Was das Rippen/Umwandeln von DVDs betrifft nutze ich seit Jahren nur FlaskMPEG, das allerdings keinen modernen Kopierschutz umgehen kann. In anderen Worten "Es ist Legal"


----------



## nonN (7. November 2006)

hab mir nun auch nero 7 ultra besorgt. damit klappt es eigentlich, nur ist das teil einfach voll buggy wenn ihr mich fragt. das kackt oft ab, hat fehler und und und.

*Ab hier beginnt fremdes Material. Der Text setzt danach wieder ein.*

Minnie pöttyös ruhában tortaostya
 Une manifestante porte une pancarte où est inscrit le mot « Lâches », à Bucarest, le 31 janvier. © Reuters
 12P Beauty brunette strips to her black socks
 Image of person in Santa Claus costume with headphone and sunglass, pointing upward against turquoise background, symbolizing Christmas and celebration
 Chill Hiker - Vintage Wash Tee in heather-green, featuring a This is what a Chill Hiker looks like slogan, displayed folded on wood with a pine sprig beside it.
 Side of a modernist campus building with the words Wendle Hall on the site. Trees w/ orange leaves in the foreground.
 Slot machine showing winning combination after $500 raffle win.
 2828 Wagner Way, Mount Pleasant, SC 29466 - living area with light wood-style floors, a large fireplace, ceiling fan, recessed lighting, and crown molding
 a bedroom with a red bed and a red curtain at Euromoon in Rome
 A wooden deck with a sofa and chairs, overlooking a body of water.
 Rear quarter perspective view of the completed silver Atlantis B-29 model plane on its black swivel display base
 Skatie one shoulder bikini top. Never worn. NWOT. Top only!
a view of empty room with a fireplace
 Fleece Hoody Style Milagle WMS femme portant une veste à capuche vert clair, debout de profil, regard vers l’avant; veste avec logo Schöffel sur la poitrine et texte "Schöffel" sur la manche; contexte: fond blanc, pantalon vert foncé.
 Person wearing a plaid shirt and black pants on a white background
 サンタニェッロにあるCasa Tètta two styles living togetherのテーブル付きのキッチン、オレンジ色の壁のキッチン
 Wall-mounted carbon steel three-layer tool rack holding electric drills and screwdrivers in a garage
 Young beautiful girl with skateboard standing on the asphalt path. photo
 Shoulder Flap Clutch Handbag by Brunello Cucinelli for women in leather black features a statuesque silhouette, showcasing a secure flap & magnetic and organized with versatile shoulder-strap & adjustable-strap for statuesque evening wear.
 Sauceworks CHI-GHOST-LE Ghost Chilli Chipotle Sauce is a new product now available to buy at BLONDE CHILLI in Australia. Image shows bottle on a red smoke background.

kennt niemand ein wirklich professionelles programm? und ich würd halt schon gerne richtig rippen, wenn ich mir ne dvd kaufe, dann will ich die auch gefälligst auf mein homenetwork knallen, da ich dann in jedem zimmer meine dvd vom zentralen server aus angucken kann 


gruss


----------



## Dennis Wronka (7. November 2006)

Du kaufst Dir hier eine Nero-Version nach der anderen und gibst so einen Haufen Geld fuer nichts aus anstatt nach der ersten verkorksten Nero-Version gleich was anderes zu probieren da dies ja wohl nicht die richtige Software fuer Dich ist.
Wenn Du Dir eine DVD kaufst ist diese mit einem Kopierschutz ausgestattet. Es gibt natuerlich Tools die den umgehen koennen, sogar kommerzielle, aber wenn ich das alles richtig in erinnere ist dies illegal, da ist es egal was Du willst.
In Deutschland ist zwar, soweit ich halt die aktuelle Rechtslage im Auge habe (und ich verfolge die so gut wie garnicht da sie mich nicht mehr wirklich betrifft), die Privatkopie legal, jedoch nicht wenn es dazu einen technisch wirksamen Kopierschutz zu umgehen gilt.

Weiterhin moechte ich Dich bitten Dich an Gross- und Kleinschreibung zu halten.


----------